To find the bond dissociation enthalpy of the Si-Si bond, we can use the given reaction and the bond dissociation enthalpies provided. Let's break down the steps to solve this problem. ### Step 1: Write the Reaction The reaction given is: \[ 2 \text{Si(s)} + 3 \text{H}_2(g) \rightarrow \text{Si}_2\text{H}_6(g) \] The enthalpy change for this reaction is given as \( \Delta H = 80.3 \, \text{kJ mol}^{-1} \). ### Step 2: Convert Solid Silicon to Gaseous Silicon To convert silicon from solid to gaseous form, we need to consider the enthalpy of sublimation.
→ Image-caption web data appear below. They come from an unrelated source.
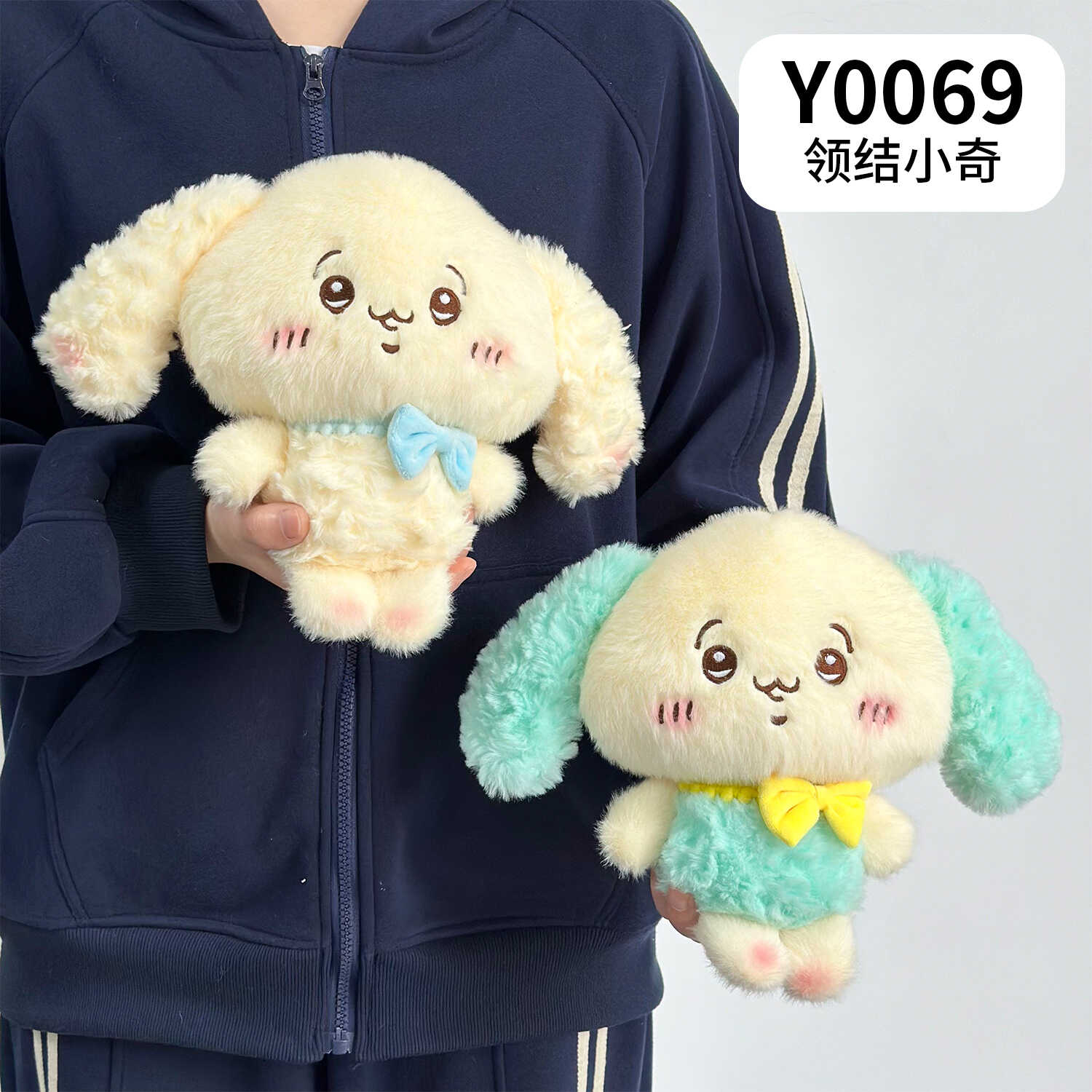 Y0069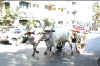Bullock cart.jpg (27826 bytes)
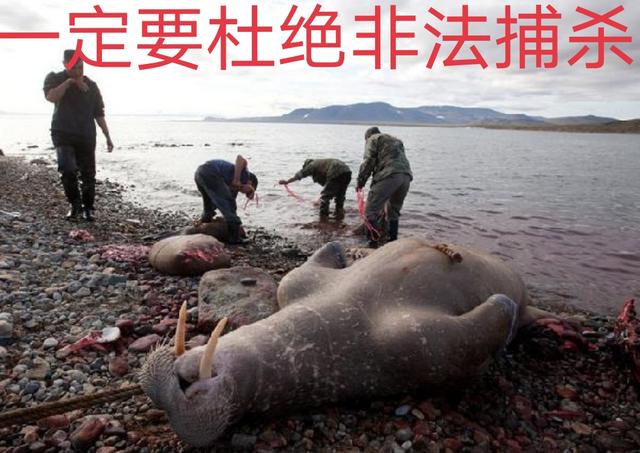 海象和海狮区别，海象——拿犬齿就想装象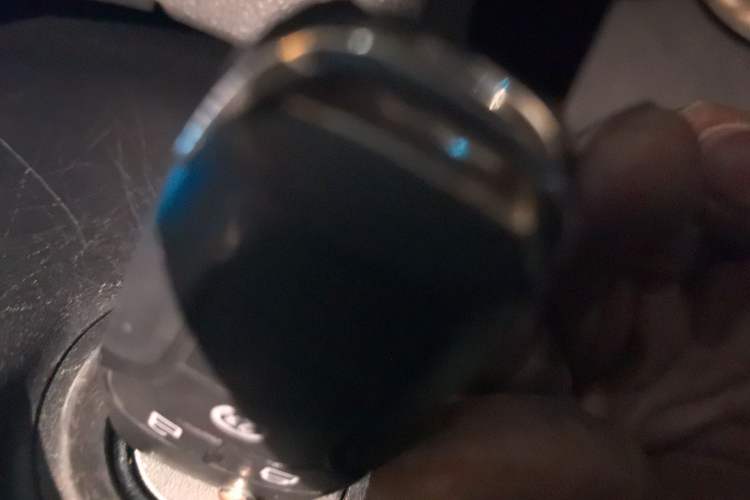 Used Ford F-150 Raptor 2019 3.5T LTD
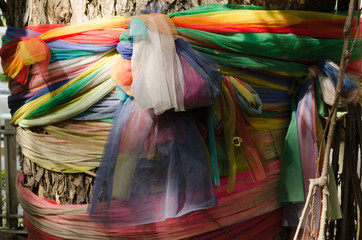 Seven colored sacred cloth tied around a tree in temple for good health
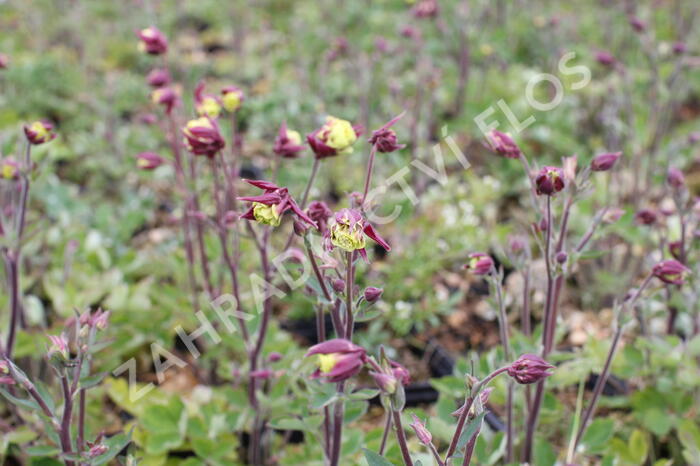 Orlíček obecný 'Winky Double Red-White' - Aquilegia vulgaris 'Winky Double Red-White'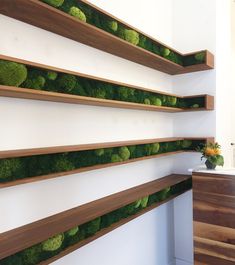 the wall is covered with moss and wooden shelves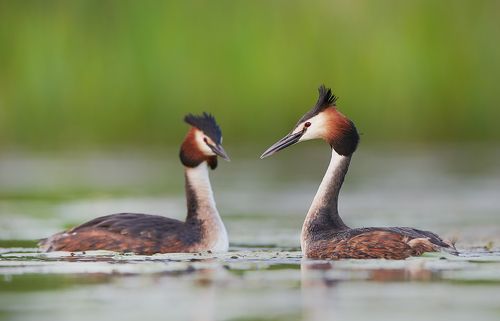 Great crested grebe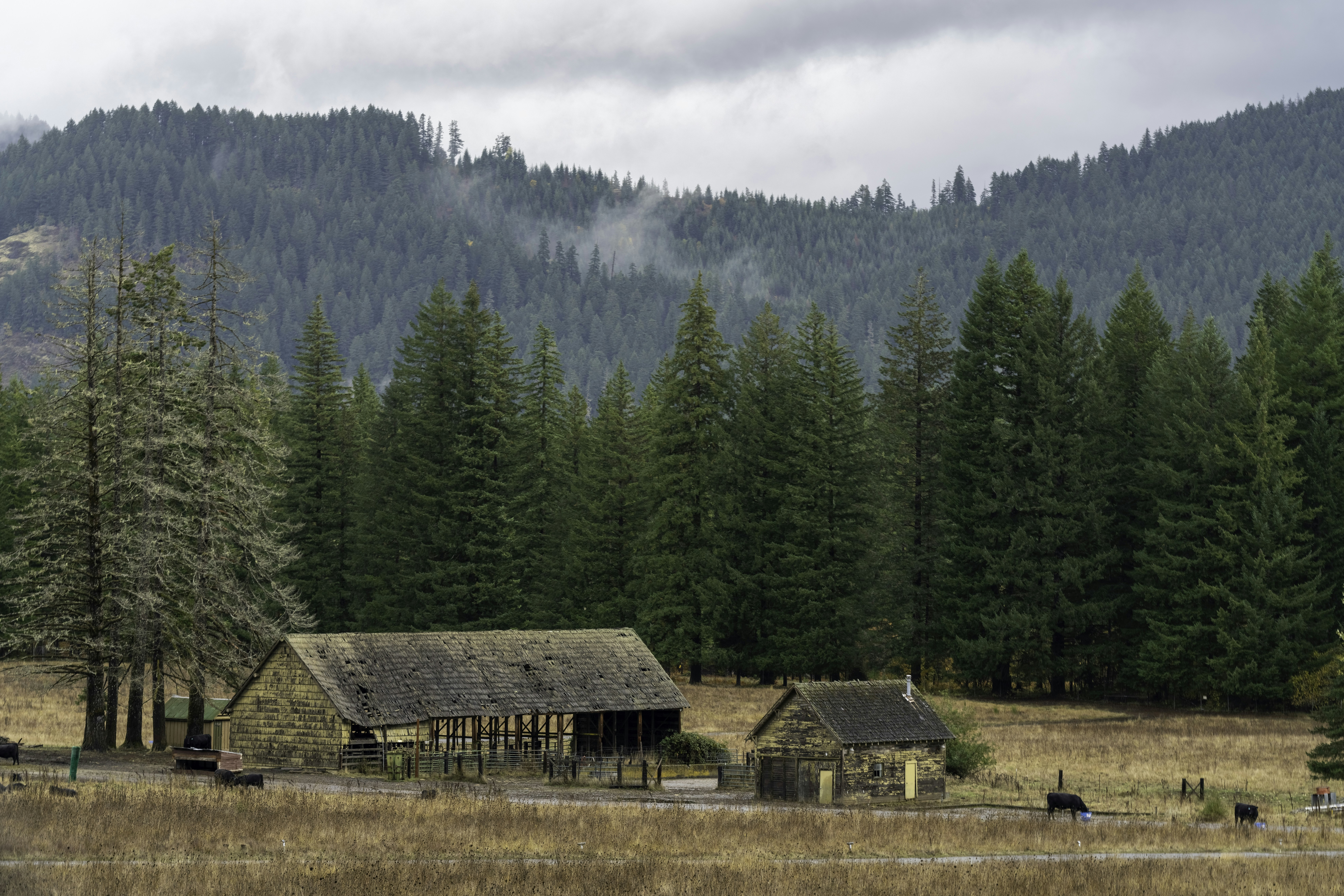 Photo by iandotphotos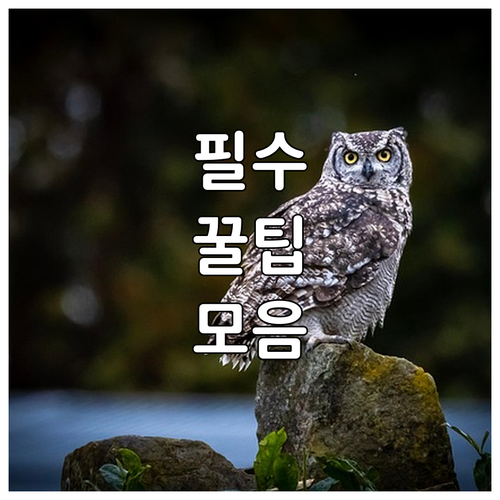 2025 남양주시민 삶 지키는 든든한..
The enthalpy change for converting 2 moles of solid silicon to gaseous silicon is: \[ 2 \times \Delta H_{\text{sublimation}} = 2 \times 450 \, \text{kJ mol}^{-1} = 900 \, \text{kJ} \] ### Step 3: Break the H-H Bonds We need to break 3 moles of H-H bonds. The bond dissociation enthalpy for H-H is given as \( 436 \, \text{kJ mol}^{-1} \). Thus, the energy required to break these bonds is: \[ 3 \times 436 \, \text{kJ} = 1308 \, \text{kJ} \] ### Step 4: Form the Bonds in Si2H6 In the product Si2H6, we have: - 1 Si-Si bond - 6 Si-H bonds The bond dissociation enthalpy for Si-H is given as \( 304 \, \text{kJ mol}^{-1} \). Therefore, the energy released when forming these bonds is: - For Si-H bonds: \( 6 \times 304 \, \text{kJ} = 1824 \, \text{kJ} \) - For Si-Si bond: Let the bond dissociation enthalpy of Si-Si be \( x \). ### Step 5: Set Up the Enthalpy Equation The overall enthalpy change for the reaction can be expressed as: \[ \Delta H = \text{Energy input} - \text{Energy output} \] Substituting the values we have: \[ 80.3 = (900 + 1308) - (1824 + x) \] ### Step 6: Solve for x Rearranging the equation gives: \[ 80.3 = 2208 - 1824 - x \] \[ 80.3 = 384 - x \] \[ x = 384 - 80.3 = 303.7 \, \text{kJ mol}^{-1} \] Thus, the bond dissociation enthalpy of the Si-Si bond is approximately: \[ \boxed{304 \, \text{kJ mol}^{-1}} \]